Dari informasi yang diterima oleh Media ini dari Kapolres Kupang, AKBP Anak Agung Gde Anom Wirata, S.I.K., M.H., melalui Kasat Reskrim Polres Kupang, Iptu Yeni Setiono, S.H., penyidik juga telah mengagendaka pemeriksaan terhadap mantan Wakil Bupati Kupang, Jerri Manafe.

Jerri Manafe dijadwalkan akan diperiksa pada hari senin (27/5) pukul 09:00 WITA sebagai saksi untuk pemberkasan perkara tersangka SL.

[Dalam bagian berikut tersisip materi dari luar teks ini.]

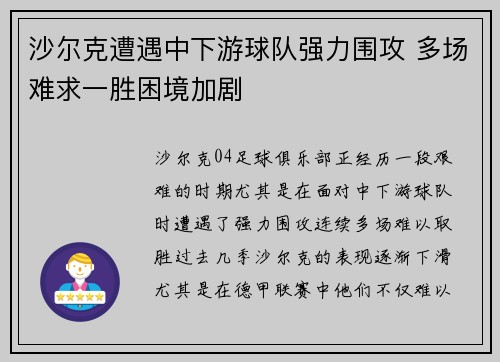 沙尔克遭遇中下游球队强力围攻 多场难求一胜困境加剧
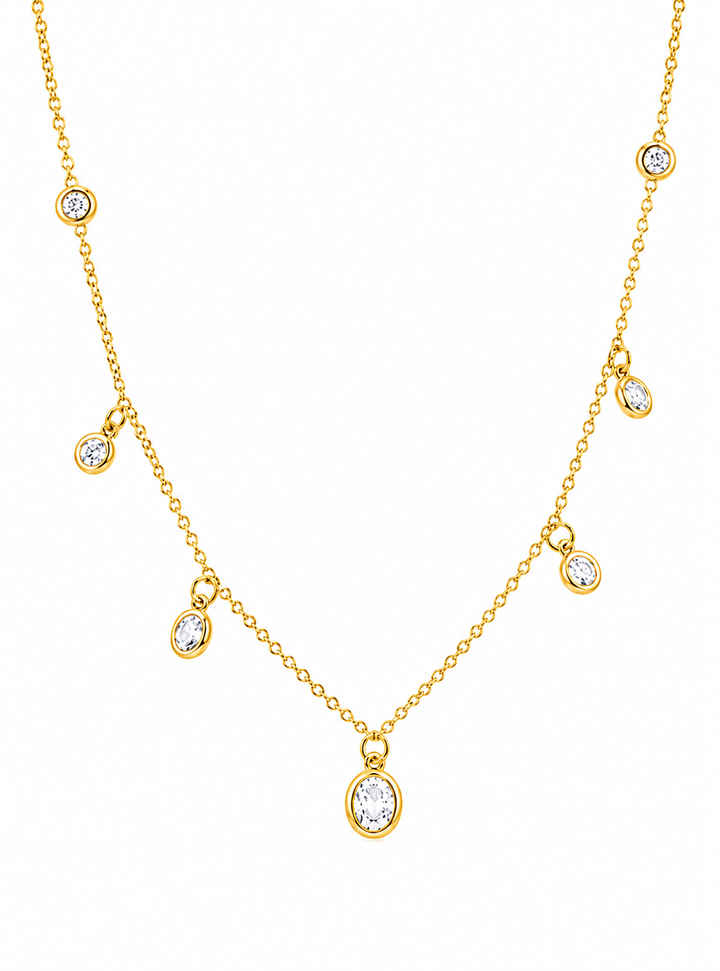 0.61 Ctw Lab Grown Diamond Necklace in 925 Yellow Gold Plated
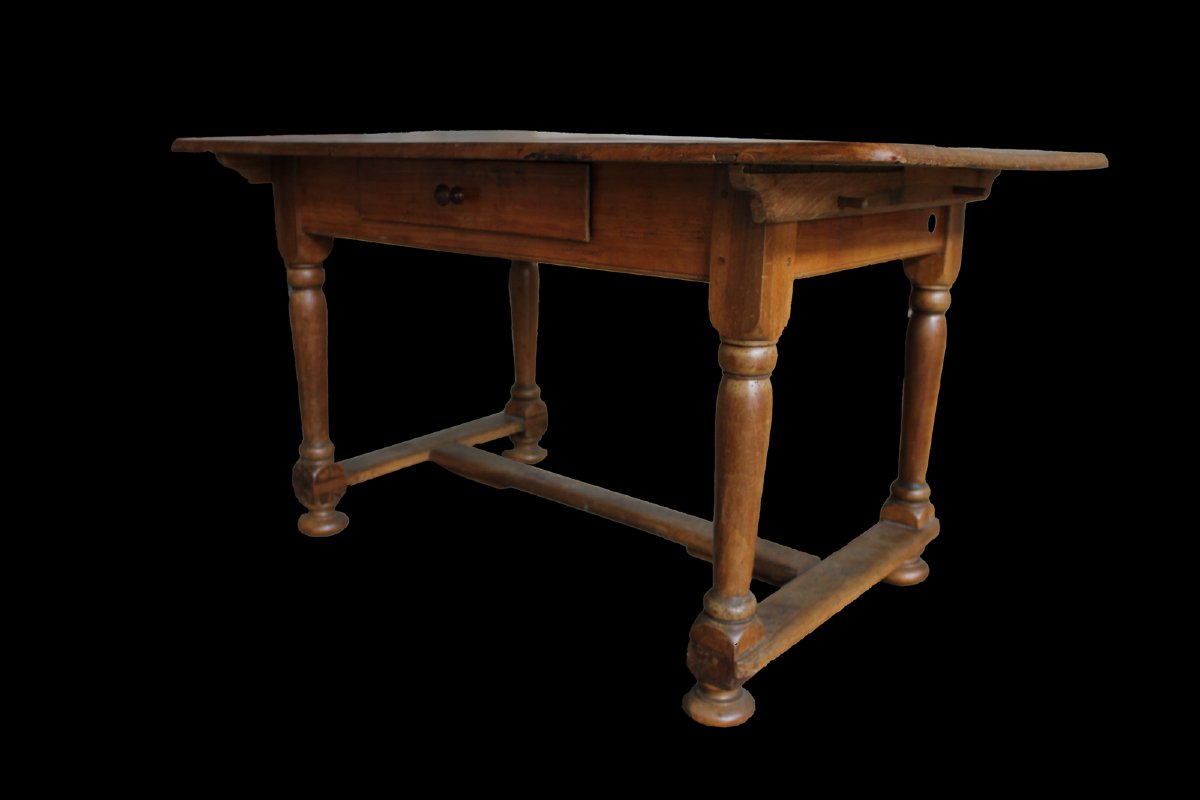 Table rustique française en merisier massif – seconde moitié du XIXe siècle-photo-3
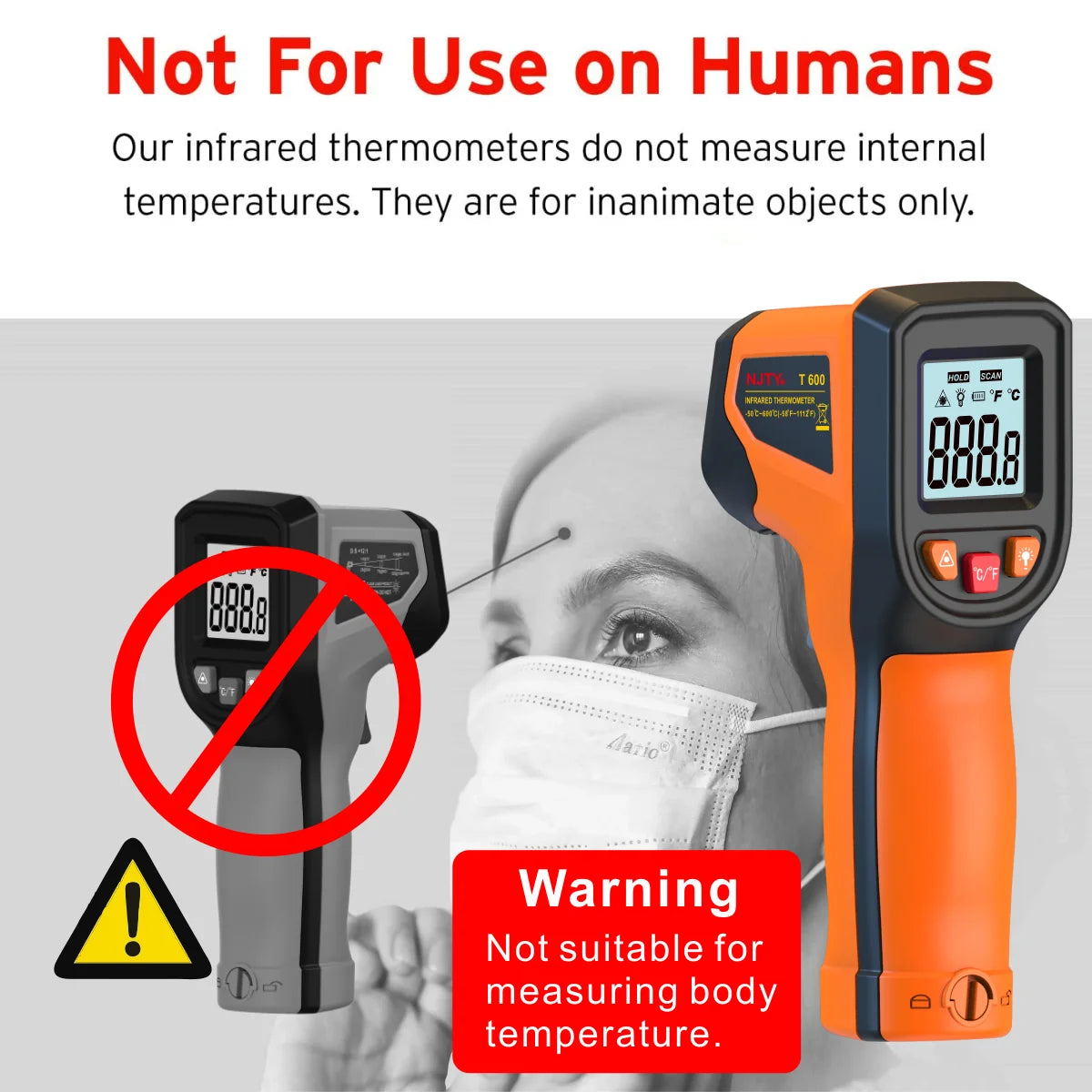 T600 Infrared Thermometer Handheld Heat Temperature for Cooking Tester Pizza Oven Grill & Engine - Laser Surface Temp Read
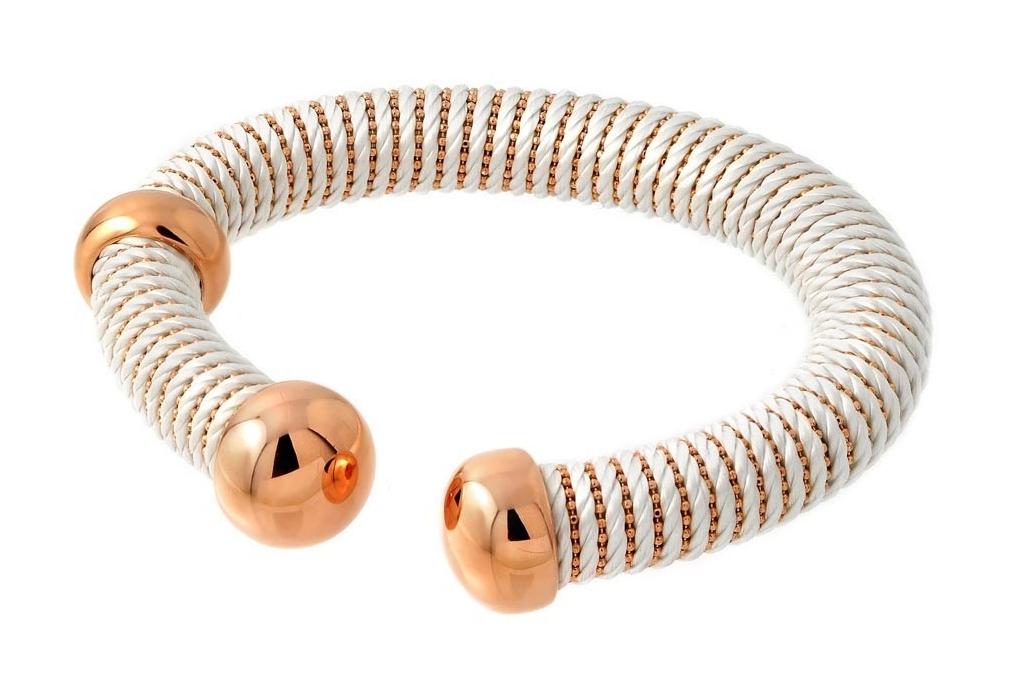 .925 Sterling Silver Rose Gold Plated Open White Silk Cord Italian Bracelet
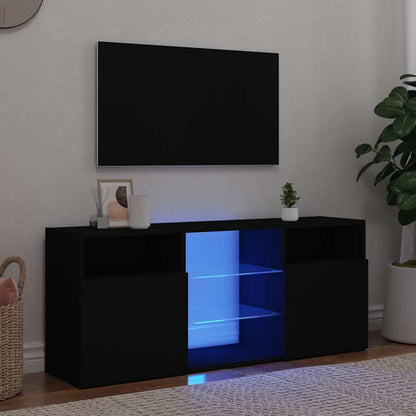vidaXL TV Schrank LED Schwarz 120cm - Lowboard Fernsehschrank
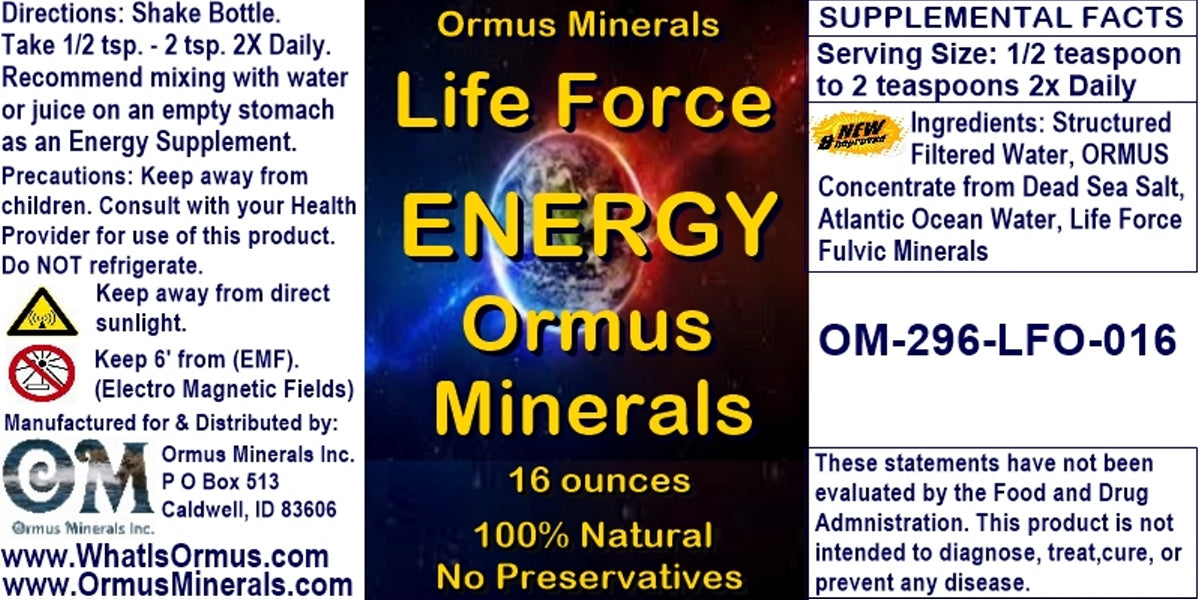 Ormus Minerals Life Force Energy Ormus Minerals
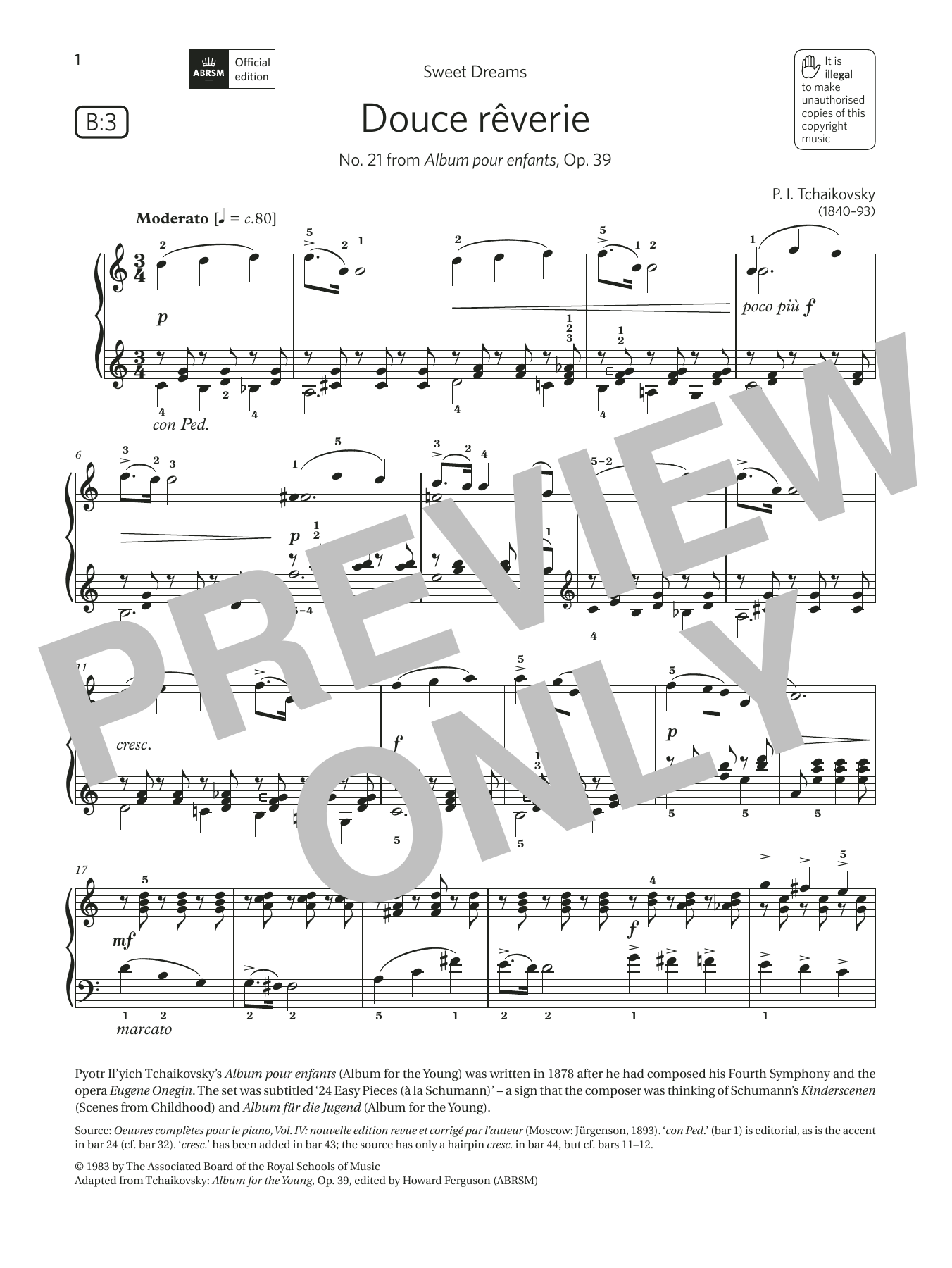 Download Pyotr Il'yich Tchaikovsky Douce rêverie (Grade 5, list B3, from Sheet Music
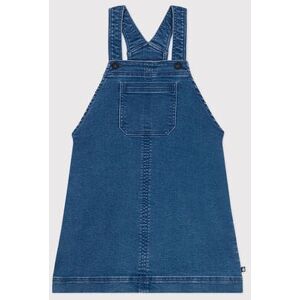 Petit Bateau Robe salopette en denim effet molleton enfant fille Bleu Delave 5A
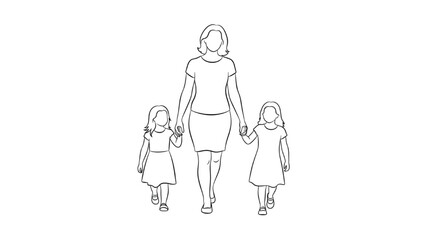 Wall Mural - Top View People Outline Set | Mom and Girls Walking Vector Figures Isolated on White Background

Untuk diketahui, dalam kasus ini Penyidik Polres Kupang telah menetapkan lima orang tersangka dalam kasus yang dugaan korupsinya sebesar Rp 5 miliar tersebut.
Kelima tersangka tersebut yakni SL, Kepala Dinas Pemuda dan Olahraga (Kadispora) Kabupaten Kupang, selaku Pejabat Pembuat Komitmen (PPK), Kemudian HMD selaku Kontraktor Pelaksana proyek dari PT Dua Sekawan, HPD selaku Pelaksana Lapangan dari PT Dua Sekawan, kemudian JAB selaku Direktur CV Diagonal Engineering dan MK selaku peminjam perusahaan.
Tersangka SL dan JAB telah diperiksa oleh penyidik, sementara tiga tersangka lain yang lain belum diperiksa karena alasan sakit yang disertakan dengan surat sakit kepada Polres Kupang.